Yeah I had a manager that was quite good at throwing out functionality. Didn't like it at the time, but they were mostly right - of course they were just trying to save money.
When I couldn't program I almost achieved more! I saved time by picking stuff up and glueing it together. Then later spent ages learning specific softwares, plugins and their wiring only for them to fall out of favour. Later frameworks etc.
A web outfit I worked at should have concentrated on a few small plugins/components that would have handled most of their sites. Instead other behemoths emerged, that added pain and complexity to what should have been very simple sites. Only the author understood the ins and outs of a half finished product, that ended up bastardised for each project, resulting in multiple version hell.
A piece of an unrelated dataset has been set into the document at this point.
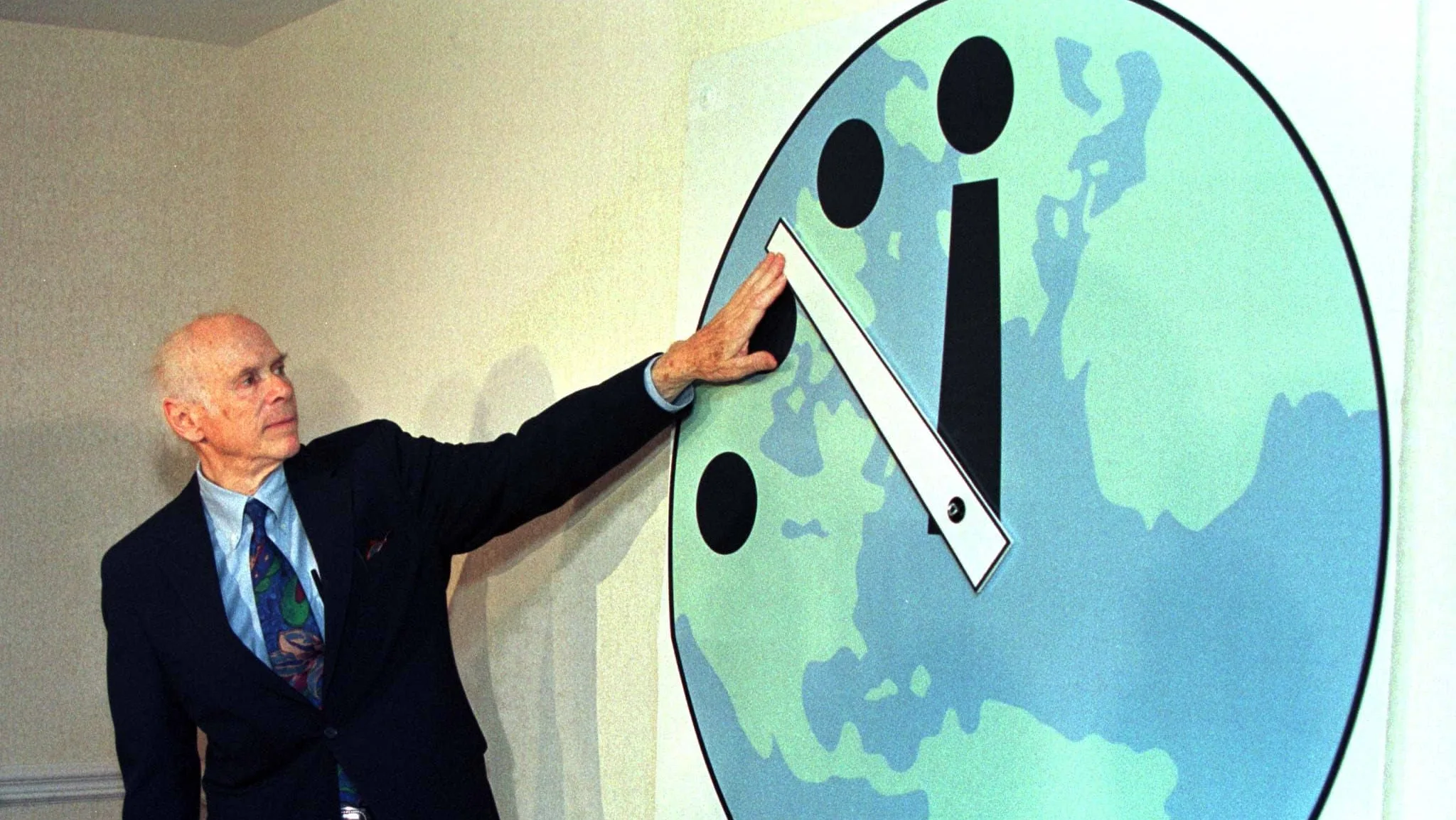 leonard-rieser-adjusts-the-doomsday-clock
But hey this was before good 'Git'ing. Oh for hindsight.
I like the categorisation aswell as a name (and version).
In your desktop environment, 'Open web browser' (as an action), can be associated with whichever browser you prefer. And perhaps a context menu on that to choose between many.
I prefer something like: Gnome file manager: 'Nautilus', to the browser: 'Web'. How ghastly.
To differentiate between many, like both of Windows' web browsers: Edge and Internet Explorer. You could say Windows web browser Edge. Or Edge; Windows' web browser. Windows itself is a confusing name, but that's another conversation.